It has been a remarkable week for the Philippine Basketball Association. If someone has told basketball fans just 10 years ago that a team like San Miguel Beer would have been able to rise from the dead and score four straight wins after losing three straight in a Finals series, nobody would have taken them seriously. But there it now stands, an enviable, immutable record not seen even in other parts of the globe. The Beermen are the first team in known history to come back from 0-3 to win a championship.
I remember talking to Arwind Santos some time in 2014, and he expressed growing frustration with not having won a championship in a while. The team had gained a reputation as a well-paid collection of superstars who had yet to come together and really focus on getting a title, particularly the most prized of all, the Philippine Cup. Santos told me that all the individual awards in the world would not fill the emptiness of not being able to take a team all the way to the top against all manner of adversity. How quickly time flies. Since that conversation, the Beermen have won three of the last four PBA championships, including back-to-back Philippine Cups, frustrating Alaska in each of them.

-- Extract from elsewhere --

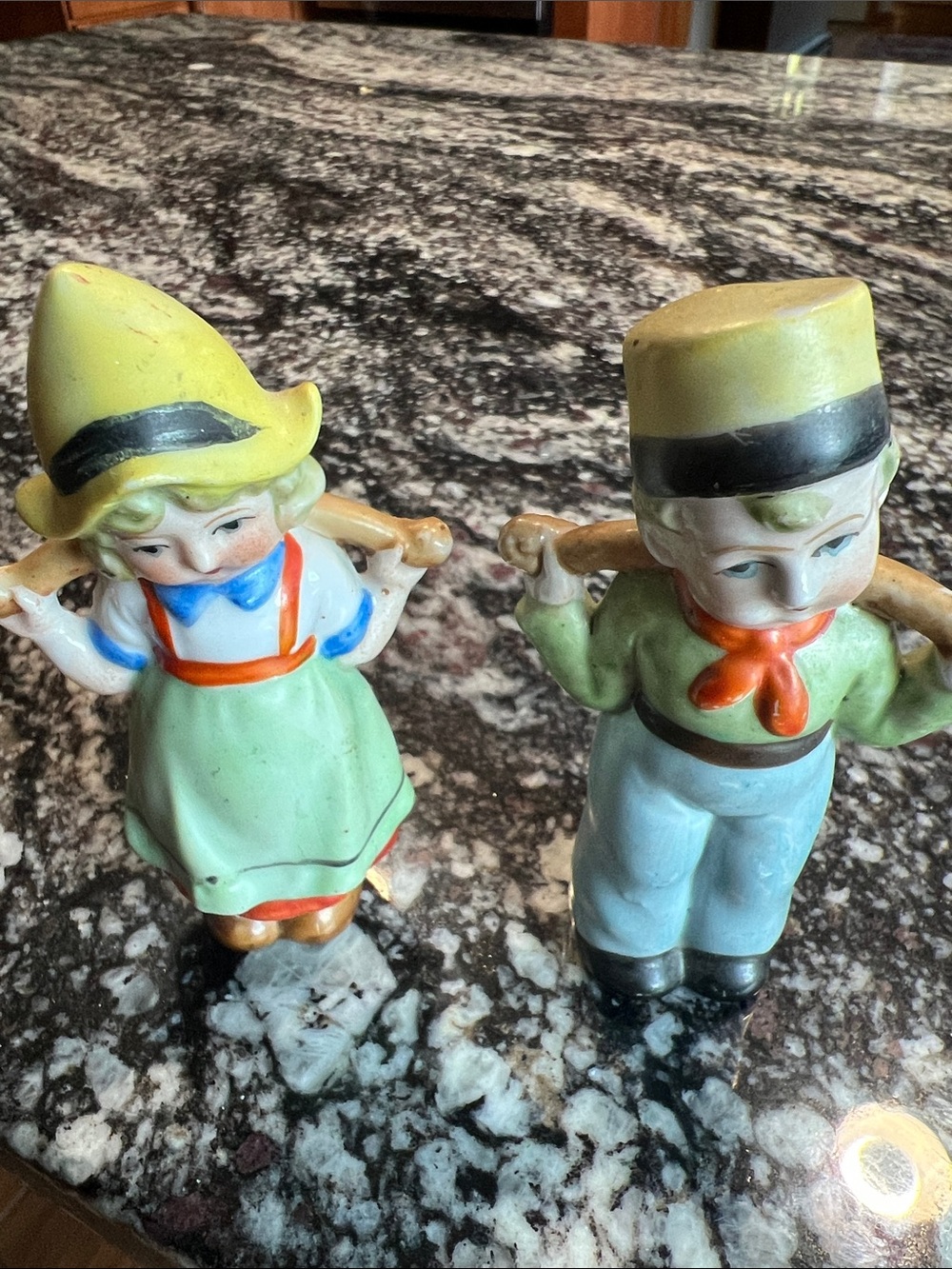 Vintage Dutch Water Boy & Girl Figurine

In earning its league-leading 22nd league title, San Miguel Beer also put more distance between itself and second-running Alaska Milk, which has won 14 championship trophies. San Miguel, the lone surviving original PBA member, had a 10-year headstart on the Milkmen, who entered the league in 1986, just when SMB took a two-conference leave of absence, the only time in 41 years that they did not play in the PBA. In a way, they will be keeping one eye out over their shoulders for Alaska.

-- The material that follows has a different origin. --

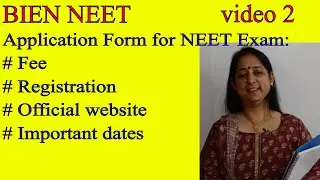 NEET Application form 2021 || Application || Fee||Registration||Official Website || Important Dates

The conference finale was also colorful in so many other ways. Alaska, which historically has traded players who were just past their prime but still had value, maximized the minutes of long-time veterans like Dondon Hontiveros and Eric Menk. Hontiveros, whose flirtation with both San Miguel Beer and Alaska Milk began with the defunct Metropolitan Basketball Association in 1998, has always been a steady presence, and adjusted his game when his athletic ability gradually gave way to Father Time. The 41-year-old Menk, meanwhile, who entered the league as a direct hire for Tanduay, ironically played for San Miguel Beer in the ASEAN Basketball League in 2013, where he has proven time and again that age and mileage aren’t an issue.

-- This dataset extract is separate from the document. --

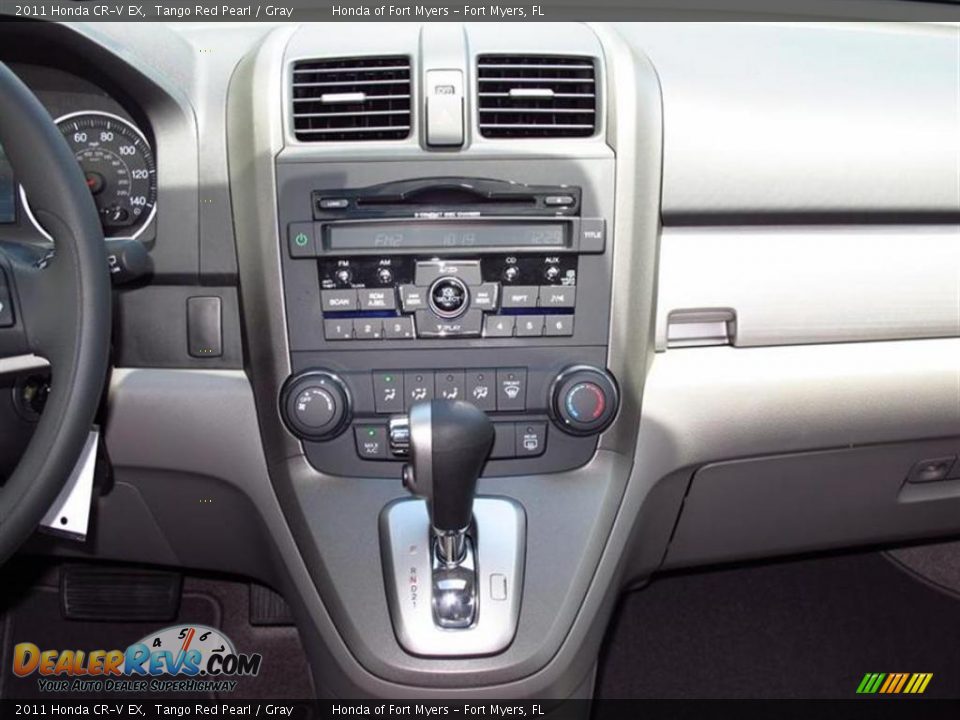 2011 Honda CR-V EX Tango Red Pearl / Gray Photo #6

San Miguel, meanwhile, did not really rely on Fil-foreign players in its previous incarnations, now has four who all contribute significantly on both ends of the floor, beginning with the formerly just prolific but now well-rounded Alex Cabagnot, and ending with Finals MVP Chris Ross. One thing that hasn’t changed is SMB’s ability to get players like Ross who don’t need massive numbers to impact a game. Throughout its history, San Miguel Beer has only had five players win the Most Valuable Player Award prior to the arrival of June Mar Fajardo: Abet Guidaben, Mon Fernandez, Ato Agustin, Danny Ildefonso (back-to-back), and Santos. The Beermen have always had such great balance, but, unlike in days of old, they now have a center who has proven to be unlike any other in the past, one who can carry the load offensively.
What makes the record-shattering championship unique is that, despite the longevity of the league, it is a first. Statistically, scoring and other marks can be surpassed. You just have to catch the lightning in the bottle. Who ever thought Michael Hackett’s record of 103 points would be broken? But Tony Harris did it. When it comes to firsts, though, it will be hard to remember who comes next, if anyone ever does. And with a record this formidable, all the circumstances have to be right for it to be even plausible once again. It took 41 years, so maybe by the time we see Halley’s Comet again in 2061, it might be ripe for a second time. This occurrence, though, was fully documented and seen by tens of millions, and is a purely human endeavor, not a historical fact.
On the other hand, the more things change, the more they stay the same. Tradition has shown that San Miguel Beer and Alaska will continue their Goliath vs. David rivalry with utmost ferocity and might, and they will continue to find new ways to win. Each is symbolic of its corporate ideology, and that will never change, no matter who is wearing either jersey. San Miguel Beer will continue to break records, as will Alaska, and each makes the other stronger. Each gives the other added incentive. Each pushes the other, and this time once again, the Beermen are the stronger.
At the bottom of it all, though each team in the league continues to evolve and find its own identity, one thing is certain. Each contributes to forging the ever-changing face of the PBA, and while people like your father might have a hard time getting used to it (a few still don’t even like Fil-Am players), it is there for the fans to accept, embrace, make their own. It is this wireless, social media savvy generation’s PBA. And that should be good enough for us.